Il reste encore à obtenir le feu vert de l’ONU pour cette intervention qui ne pourrait guère avoir lieu avant plusieurs mois. De plus, la fenêtre de tir sera exceptionnellement courte puisque les fortes chaleurs rendront invivable aux combattants le désert.

Abuja-Les dirigeants de la CEDEAO décident la guerre (C)Pius Utomi Ekpei/AFP


Ceci dit, les objections à la réalisation de cette campagne militaire se font de plus en plus nombreuses.
Passons en revue les dernières déclarations et objections.
L’Algérie, tout d’abord, que d’aucuns avaient hâtivement placée dans le camp des « favorables » à la guerre vient d’exprimer toutes ses réserves. En compagnie du Burkina Faso, ce pays vient de réussir une scission du front islamiste en place au Nord-Mali: Ansar Eddine déclare officiellement refuser les actions terroristes. L’Algérie est particulièrement attachée à l’intégrité et l’inviolabilité de son territoire et elle craint qu’un conflit au Nord-Mali entraîne inévitablement des débordements sur ses frontières.
Le Burkina Faso, que l’on vient de citer, est présidé par Blaise Compaoré, un Président contesté et contestable, qui désire avant tout jouer un rôle politique éminent dans la région (et sauver sa place). Sa volonté de mettre des hommes à lui à la tête du « gouvernement » malien et sa conduite des négociations avec les rebelles du Nord-Mali sont des illustrations de cette volonté. Il n’en reste pas moins que le Burkina, par sa parole, est, de loin, favorable à une solution négociée au lieu d’un affrontement.
La Mauritanie s’avère violemment opposée à une intervention militaire. « Une guerre contre les islamistes armés qui occupent le nord du Mali serait dévastatrice pour les pays voisins qui seront alors victimes d’un volcan aux cendres incandescentes », voici ce qu’a déclaré le Président de l’Assemblée Nationale mauritanienne, Messaoud Ould Boulkheir. Pour la Mauritanie également, un conflit armé au Nord-Mali présente le risque important de débordements susceptibles de mettre en cause l’intégrité territoriale du pays et son régime démocratique. Le danger est bien réel de voir s’inviter quelques déséquilibres dans ce pays dont le Président Aziz est absent par suite de blessures infligées accidentellement par un soldat de son armée: l’opposition démocratique demande une transition vers au nouveau gouvernement et des forces, peut-être moins démocratiques, manifestent et jettent de l’huile sur le feu.

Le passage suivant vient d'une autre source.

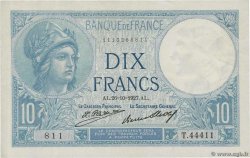 10 Francs MINERVE FRANKREICH  1927 F.06.12 VZ+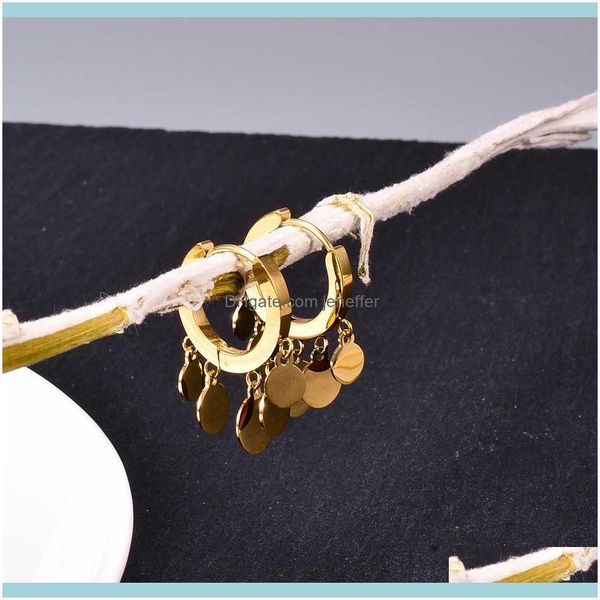 Charm JewelryFactorydz80E03 Abartılı Atmosfer Çok Katmanlı Geometrik Kadın Gofret Trail Kore Mizaç Çember Kolye Küpe Damlası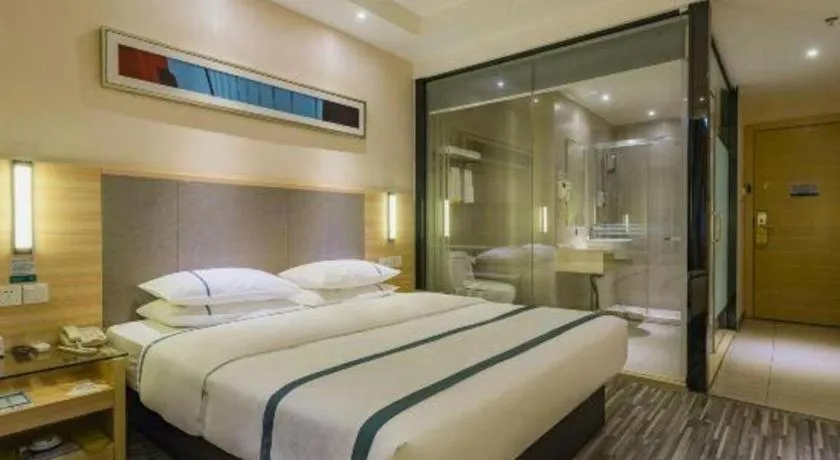 Bed in City Comfort Inn Guangzhou Tower Kecun Metro Station Dunhe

Romano Prodi, dont nous avions souligné le rôle que lui a confié l’ONU, et dont certains dirigeants européens font très peu cas, s’est prononcé (notamment à Alger !) en faveur de la recherche de la paix par le dialogue. « Je suis venu chercher la paix et nous devons travailler ensemble et avec une bonne volonté pour instaurer la paix dans cette région. Nous avons encore la possibilité de travailler pour la paix et profiter des cadres internationaux et des engagements de l’ONU dans le cadre de la lutte contre le terrorisme pour préserver l’unité nationale du Mali. Toutes les guerres qui ont été menées de par le monde ont causé de grandes tragédies pour l’humanité. La guerre en dernier ressort, car nous avons encore la possibilité de travailler pour la paix ».
Il est clair que l’ONU n’adopte pas une position de jusqu’au-boutiste et que les attitudes respectives de la France et de l’Union Européenne sont de plus en plus isolées.
Pour terminer (pour l’instant), ce tour d’horizon international, citons la Chine, elle-aussi opposée à une intervention armée au Nord-Mali.

Alors, en France ?
Les oppositions à ce conflit sont actuellement extrêmement minoritaires. La droite et la gauche parlementaires adoptent exactement la même attitude, celle de l’approbation face à un risque constitué par le terrorisme et l’islamisme. Seule l’extrême-gauche, Mélanchon, Médiapart …dénoncent la préparation de ce conflit au motif qu’il s’agit avant tout d’une intervention franco-américaine de caractère néo-colonialiste et impérialiste. Le site Atlantico (http://www.atlantico.fr/decryptage/reconquete-nord-mali-echec-previsible-jean-bernard-pinatel-542012.html) (« considéré » de droite) publie aujourd’hui un article signé de Jean-Bernard Pinatel, général 2° section, intitulé « La conquête du Nord-Mali, un échec prévisible ». Et c’est tout pour aujourd’hui: le reste de la presse n’est constitué que de va-t-en-guerre, à commencer par « Le Monde » !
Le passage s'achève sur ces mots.